Top of Data records

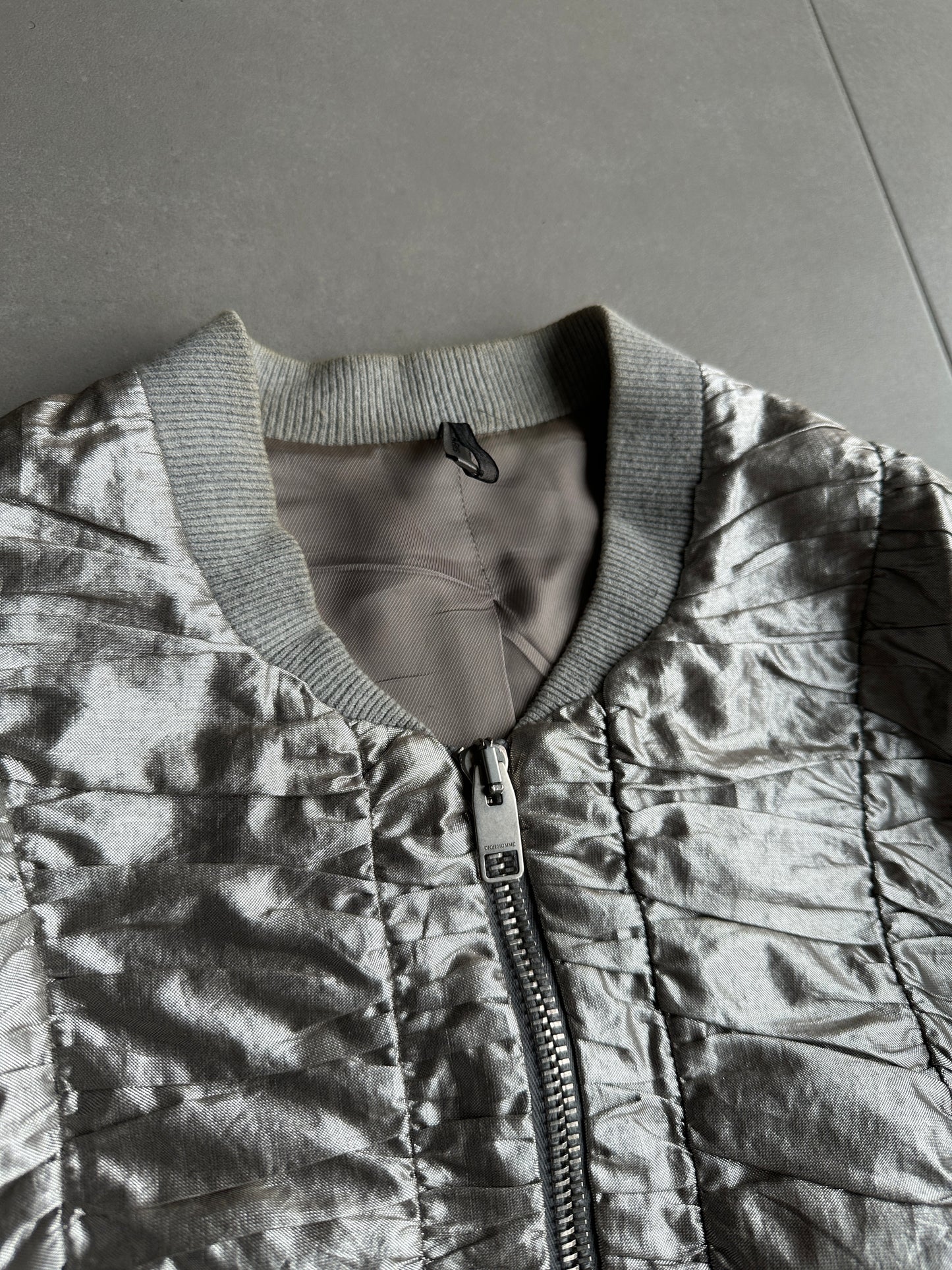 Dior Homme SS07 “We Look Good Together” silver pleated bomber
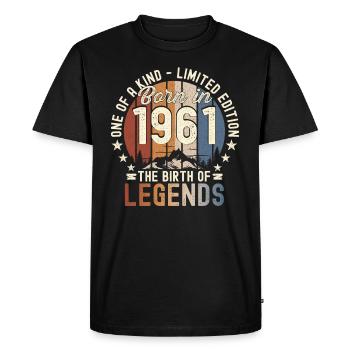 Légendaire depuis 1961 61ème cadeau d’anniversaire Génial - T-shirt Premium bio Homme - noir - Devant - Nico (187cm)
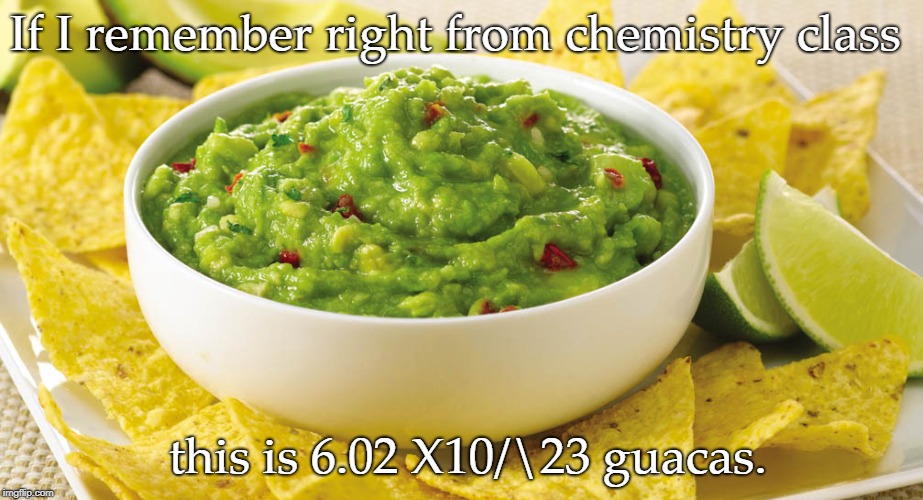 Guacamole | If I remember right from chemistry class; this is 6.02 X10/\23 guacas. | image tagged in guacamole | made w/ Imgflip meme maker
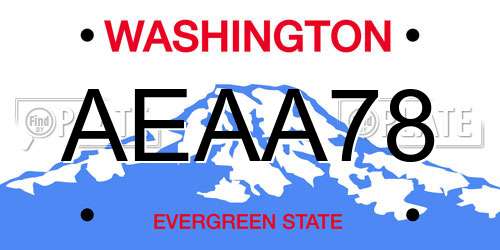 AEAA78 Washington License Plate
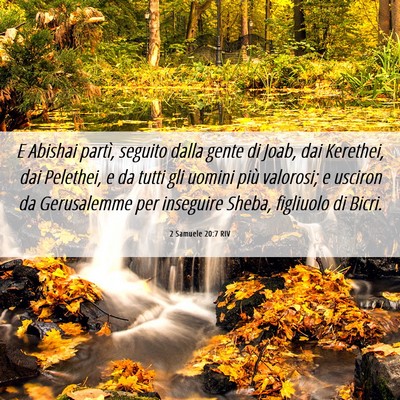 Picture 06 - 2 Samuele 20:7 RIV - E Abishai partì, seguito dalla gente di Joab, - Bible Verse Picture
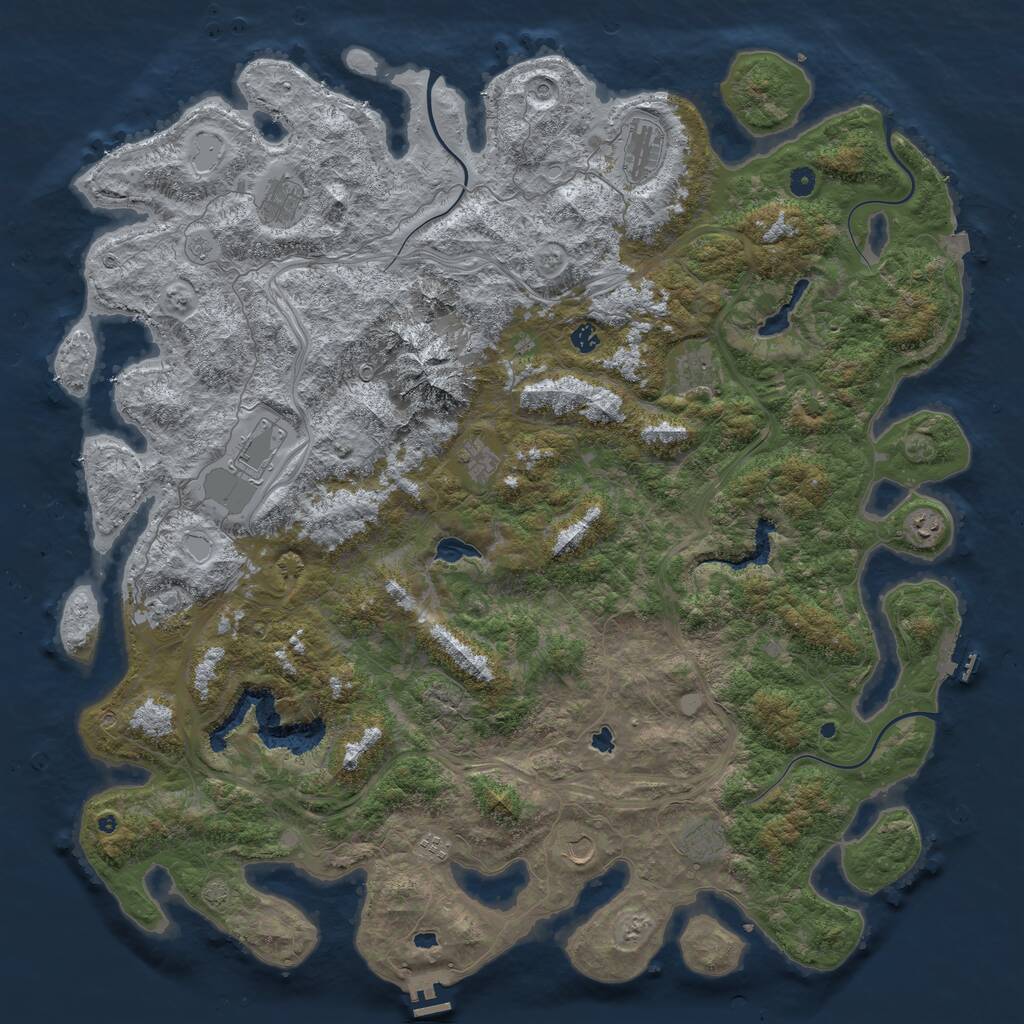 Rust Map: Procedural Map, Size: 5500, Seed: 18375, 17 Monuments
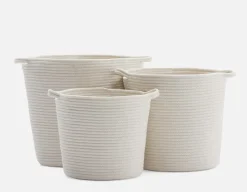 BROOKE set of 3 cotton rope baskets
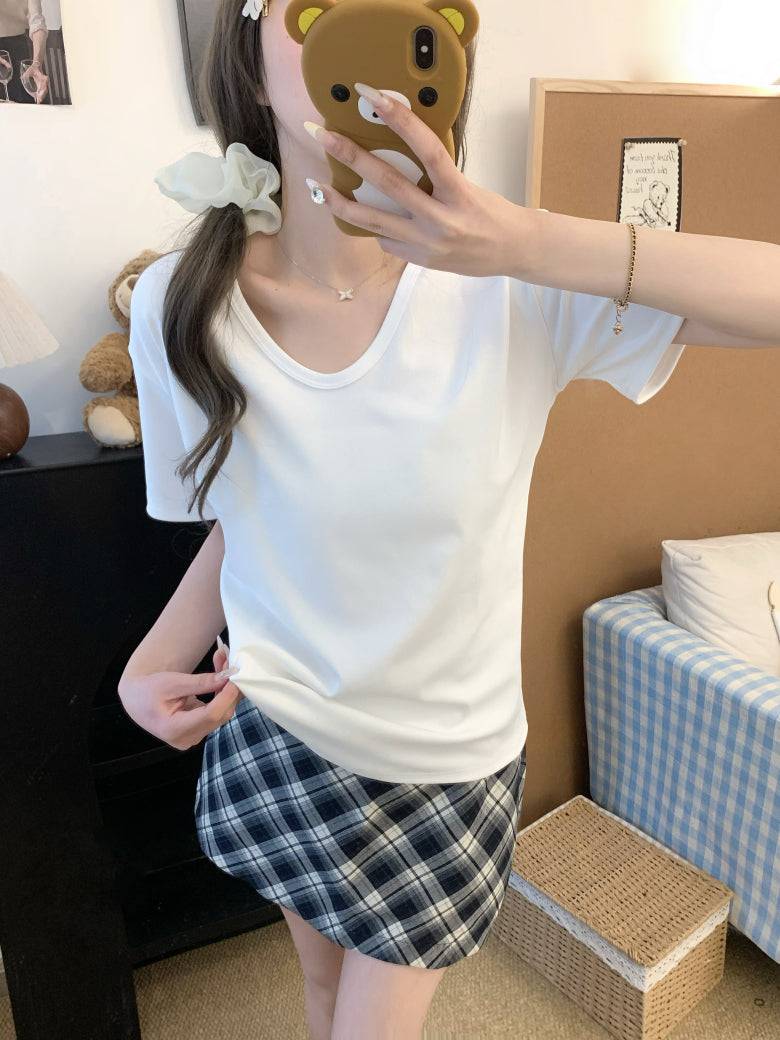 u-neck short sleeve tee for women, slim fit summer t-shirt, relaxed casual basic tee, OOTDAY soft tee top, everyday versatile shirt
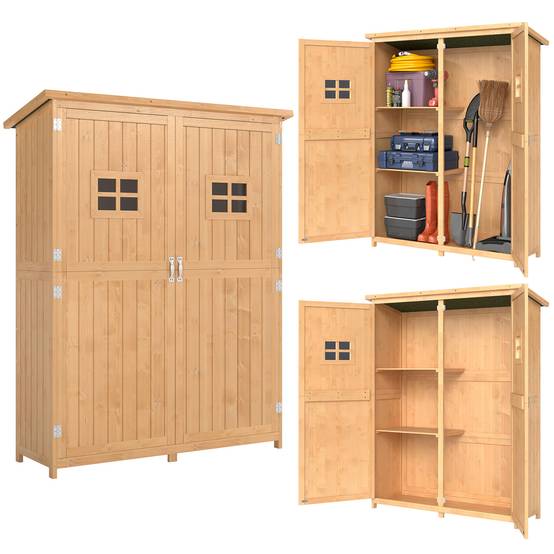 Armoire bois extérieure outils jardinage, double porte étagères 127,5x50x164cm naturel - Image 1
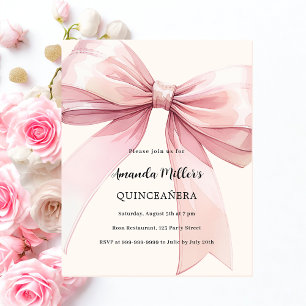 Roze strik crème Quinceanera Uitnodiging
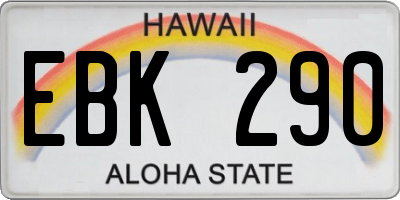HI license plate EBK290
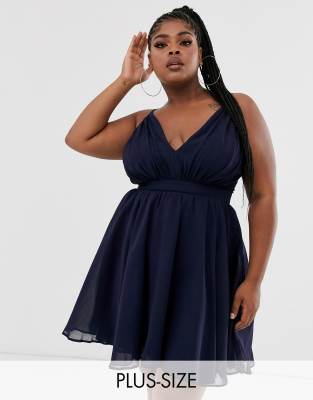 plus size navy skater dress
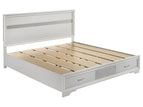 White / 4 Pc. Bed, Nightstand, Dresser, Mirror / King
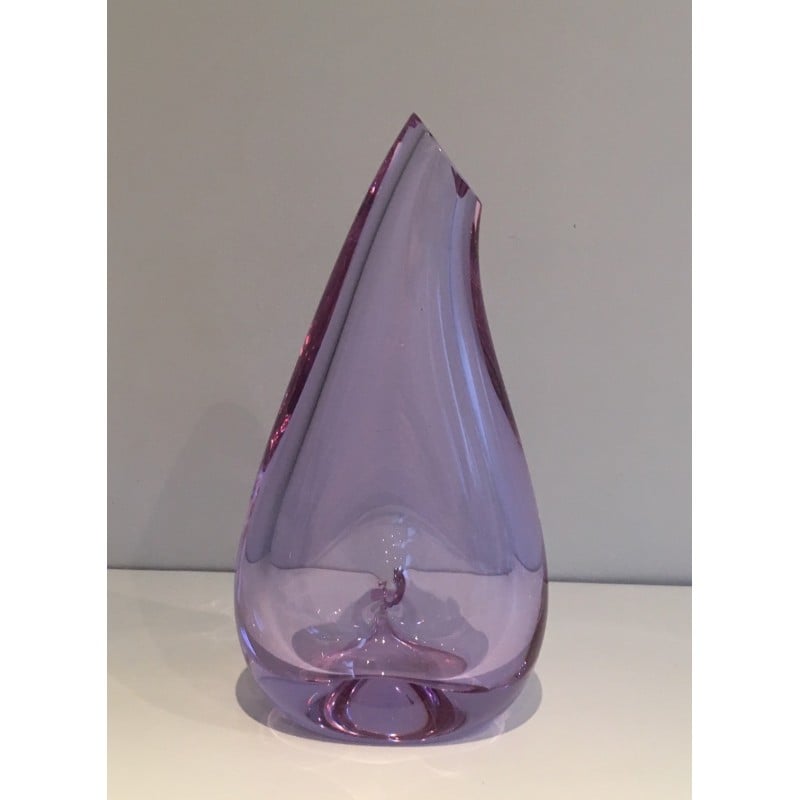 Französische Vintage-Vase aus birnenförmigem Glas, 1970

Bottom of Data records

• What is required: Once the line containing "HI license plate EBK290" is found, it and every line through the end of the records above should be output exactly, with no pictures.

• Reply to the task:
HI license plate EBK290
 plus size navy skater dress
 White / 4 Pc. Bed, Nightstand, Dresser, Mirror / King
 Französische Vintage-Vase aus birnenförmigem Glas, 1970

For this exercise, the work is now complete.